May 24, 2013
The War of the McCourts
Posted on Sep 27, 2010
By Mark Heisler
In 1964, 29-year-old Ken Kesey finished “Sometimes a Great Notion,” a saga of a defiant Pacific Northwest logging family that was his last novel for 25 years.
To celebrate, Kesey and some friends painted an old bus the way a kindergarten class would have—starting a fashion trend for the decade—and took off for the publication of the book in New York with Neal Cassady, the model for Jack Kerouac’s hero in “On the Road,” at the wheel.
Subsequent voyages headed to Haight-Ashbury, where Kesey, who had discovered LSD as a Stanford student in a CIA-sponsored study, and his Merry Pranksters threw one of their “Acid Test” parties where you really had to watch out for the punch and where the Grateful Dead, a former jug band setting out in a new direction that would be called “acid rock,” played its first gig.
Their adventures became the basis of Tom Wolfe’s “The Electric Kool-Aid Acid Test.” If it was hard to tell what it all meant, it clearly meant something.
The War of the McCourts is like that, a lusty (with whomever), brawling (through their $1,000-an-hour lawyers) saga of a strong-willed New England family whose idea of running its new baseball team in Los Angeles includes hiring a Russian spiritualist—no, not Rasputin, he’s dead, we think—while turning the franchise upside down and shaking it like a piggy bank.
Frank and Jamie, who would still be fine if they had done nothing worse, split up and set out to obliterate each other.
This is about more than a lost Dodger season. This is Wolfe’s “Bonfire of the Vanities” with Frank and Jamie as dueling Sherman McCoys, and Jamie’s driver, Jeff Fuller, as Maria Ruskin, the Other Person.
If the Dodgers wound up on the bonfire, it could have happened to anyone.
Actually, it did.
Reality intruded on their blue leveraged heaven in 2008 as the housing bubble burst, threatening to melt down the financial system in what looked like Great Depression II.
Of course, Frank and Jamie lived in a galaxy far far away from Fannie Mae and Freddie Mac, which the GOP blamed for the fall for making loans to poor people with minimal down payments.
Unfortunately for the poor, who always get the least portion and then the blame, it was hard to get into Georgetown U, where Jamie met Frank, let alone the Sorbonne and MIT, where Jamie continued her education.
Otherwise, the poor might not have put any money down ... then borrowed on the property to buy more ... like Jamie and Frank!
If schadenfreude is wrong—no, really—this is an extreme test after seven seasons in which it was always about them as Frank finessed the truth while doing Dodger Blue over in Boston Red Sox (Grady Little, Nomar Garciaparra, Manny Ramirez), Jamie co-owned visibly and befriended movie stars (Barbra Streisand) and image concerns were addressed by going through five publicists including Derrick Hall, who became president of the Arizona Diamondbacks; Camille Johnston, who became Michelle Obama’s spokesperson; and Dr. Charles Steinberg, now senior adviser to Commissioner Bud Selig.
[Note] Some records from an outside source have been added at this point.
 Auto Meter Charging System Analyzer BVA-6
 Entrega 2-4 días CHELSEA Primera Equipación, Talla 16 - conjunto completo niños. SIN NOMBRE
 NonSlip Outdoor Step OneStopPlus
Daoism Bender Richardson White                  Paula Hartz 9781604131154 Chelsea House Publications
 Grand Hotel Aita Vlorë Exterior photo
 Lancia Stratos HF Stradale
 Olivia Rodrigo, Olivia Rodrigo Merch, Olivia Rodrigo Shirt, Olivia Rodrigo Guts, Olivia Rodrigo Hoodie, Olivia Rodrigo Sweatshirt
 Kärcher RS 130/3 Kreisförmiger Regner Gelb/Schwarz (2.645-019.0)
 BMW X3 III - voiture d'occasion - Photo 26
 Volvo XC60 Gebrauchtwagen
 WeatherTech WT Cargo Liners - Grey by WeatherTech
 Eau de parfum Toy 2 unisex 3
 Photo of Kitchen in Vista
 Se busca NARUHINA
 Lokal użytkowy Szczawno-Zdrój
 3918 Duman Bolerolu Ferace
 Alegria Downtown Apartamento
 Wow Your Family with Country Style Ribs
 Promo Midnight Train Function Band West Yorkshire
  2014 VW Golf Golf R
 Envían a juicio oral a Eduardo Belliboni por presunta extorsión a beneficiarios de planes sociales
Now for the big finish, a mushroom cloud rising over Dodger Stadium.
If it’s hard to tell the difference these days, this isn’t a series about fictional characters, but real people named Jamie and Frank McCourt, or people who once appeared real.
How could this have happened, in general, and to them?
Unfortunately, it was simple.
No laws of man or nature had to be overcome. The devil didn’t have to come up from hell to seduce Frank and Jamie into risking all they had and then go even deeper in debt to live like the movie stars around them.
The system, or systems (legal, banking, baseball), weren’t subverted. Actually, they made it possible.
Just one thing separated Frank and Jamie from the other Type A’s running amok: They had a Major League Baseball team.
It wasn’t just any team, but the iconic Dodgers, in their iconic stadium, atop a hill overlooking downtown, where they opened the gates and 3 million people showed up.
In the seven pre-McCourt seasons—the sainted Peter O’Malley’s last and six being ignored by Rupert Murdoch, a more callous, devious scourge by far—the Dodgers had three No. 2 finishes, four No. 3s (in a five-team division) and averaged 3.2 million in attendance.
Entering the House Rupe Raped, Frank and Jamie would have been greeted like the Prince of Wales and Lady Di.
Instead, Dodgers fans got a preening Yuppie husband-and-wife team, poseurs as baseball executives, lacking in clues, sensitivity and resources.
Frank and Jamie weren’t lacking in brains, though. They knew they had this covered.